Oleh Nuraini Ahwan
Jika bertanya, bagaimana kesan terhadap pelaksanaan pembelajaran jarak jauh di masa pandemi covid 19, baik yang dilaksanakan secara daring, luring atau kombinasi antara keduanya, maka akan diperoleh jawaban senada. Kompak dan serempak. Ini tentunya berdasarkan jawaban yang diberikan kepada saya ketika saya bertanya kepada siapa sajayang saya jumpai. Baik orang tua murid di sekolah saya maupun orang tua, yang saya perkirakan mempunyai putra-putri usia sekolah. Nyaris tidak ada yang memberikan jawaban bahwa pembelajaran di masa covid 19 ini menyenangkan. Jawaban mereka adalah pembelajaran di masa pandemi ini membuat pekerjaan tambahan bagi orang tua, berat dan lambat laun membosankan.
Merupakan suatu keberuntungan bagi sekolah kami, setelah melewati persiapan untuk perlaksanaan tatap muka dan melalui beberapa tahapan verifikasi maka sekolah kami medapat izin melaksanakan pembelajaran tatap muka. Berpedoman kepada SKB 4 Menteri, seluruh komponen yang ada dalam instrumen pun kami penuhi. Keputusan Bersama Menteri Pendidikan Dan Kebudayaan, Menteri Agama, Menteri Kesehatan, Dan
Menteri Dalam Negeri Republik Indonesia Nomor 01/KB/2020, Nomor 516 Tahun 2020, Nomor
HK.03.01/Menkes/363/2020, Nomor 440-882 Tentang Panduan Penyelenggaraan Pembelajaran Pada Tahun Ajaran 2020/2021 dan Tahun Akademik 2020/2021 Di Masa Pandemi Corona Virus disease
2019 (Covid-I9), menjadi acuan yang kami pedomani.

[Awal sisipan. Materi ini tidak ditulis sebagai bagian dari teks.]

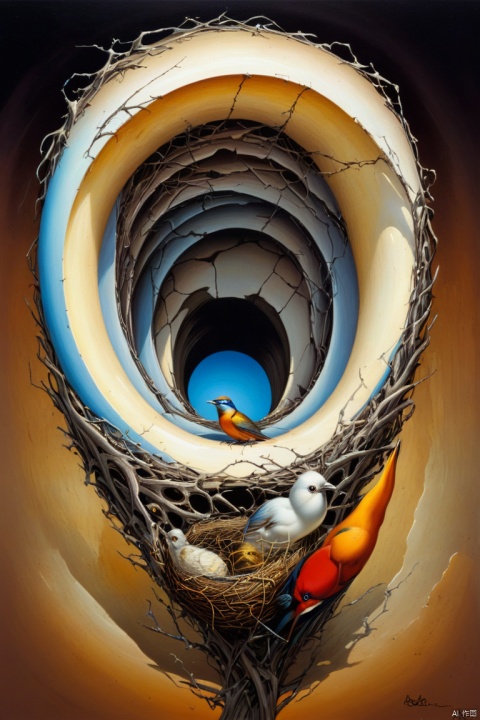 Style of Octavio Ocampo, Octavio Ocampo Metamorphic painting, bird nest, Optical illusions, full compliance with Style of Octavio Ocampo, double exposure, double content, panoramic, Ultra high saturation, bright and vivid colors, intricate, (best quality, masterpiece, Representative work, official art, Professional, 8k)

Setelah seluruh komponen terpenuhi dalam intrumen verifikasi kesiapan sekolah untuk pelaksanaan pembelajaran tatap muka, maka kami melayangkan surat permohonan ke pihak Dinas Dikbud Kabupaten untuk diteruskan ke Bupati. Proses itu pun kami sudah lalui, Izin pun sudah di genggaman. Tantangan besar ada di depan mata. Tantangan yang harus dihadapi oleh sekolah dan pendidik yang berdiri di garda terdepan yakni di depan kelas.
Tanggal 9 Nopember 2020 adalah hari pertama kami melaksanakan pembelajaran tatap muka. Banyak cerita suka dan duka. Banyak harapan yang ingin diwujudkan dan banyak pula tantangan yang ingin kami kalahkan.
Pertama, tantangan berasal dari orang tua, siswa dan orang-orang yang bekepentingan untuk hadir di sekolah. Ini terkait dengan kepatuhan atau ketaatan terhadap aturan protokol kesehatan dalam SOP yang sudah ditetapkan oleh sekolah. Butuh kesabaran dalam membangun kesadaran warga sekolah. Untuk siswa tidak sesulit mengatur orang tua atau wali murid jika mereka mengantar putra-putrinya ke sekolah. Contoh kecil saja, dalam pemakain masker yang dalam SOP ditetapkan bahwa pengantar dan penjemput siswa harus mematuhi protokol kesehatan, tidak ada pengecualian. Tapi pada kenyataannya masih saja ada orang tua yang tidak menggunakan masker. Bukankah mereka juga contoh buat putra-putrinya. Ini juga tantangan yang harus mampu dimenangkan oleh sekolah jika ingin pembelajaran tatap muka tetap berlangsung.
Kedua, tantangan terhadap kebiasaan siswa berkerumun di rumah, dalam bermain,bersosialisasi di lingkungan tempat tinggalnya menjadikan ini tantangan bagi guru dalam kelas, bagaimana mereka atau siswa mampu bertahan di tempat duduknya, tidak berjalan ke sana-kemari ke bangku atau meja temannya. Naluri anak-anak atau masa anak-anak adalah masa bermain sehingga merupakan tantangan bagi guru untuk menahannya tidakbermain bersama teman-temannya. Terlebih lagi, pembelajaran tatap muka di masa pandemi ini tidak disiapkan waktu untuk keluar bermain. Siswa sampai di sekolah masuk kelas, dan selesai belajar langsung pulang tanpa diselingi jam istirahat.
Ketiga. tantangan terhadap semangat belajar siswa. Lama tidak bertemu guru dan belajar didampingi orang tua yang tidak berlatar belakang guru, tanpa ilmu pendidikan membuat guru seoerti mulai dari nol. Siswa dalam kelas seperti tanpa semangat belajar. Mencerna pelajaran lambat. Perhatian tidak terpusat. Tugas yang diberikan dalam daring dengan nilai bagus-bagus, begitu diberikan penguatan pada pembelajaran tatap muka seperti tak berbekas. Mengulang dari awal. (ini cerita guru di tempat saya bertugas).Mungkinkah karena mereka belajar di rumah dengan keleluasaan waktu yang mereka atur sendiri, kurang penyemangat, kurang motivator dan kurang kompetisi.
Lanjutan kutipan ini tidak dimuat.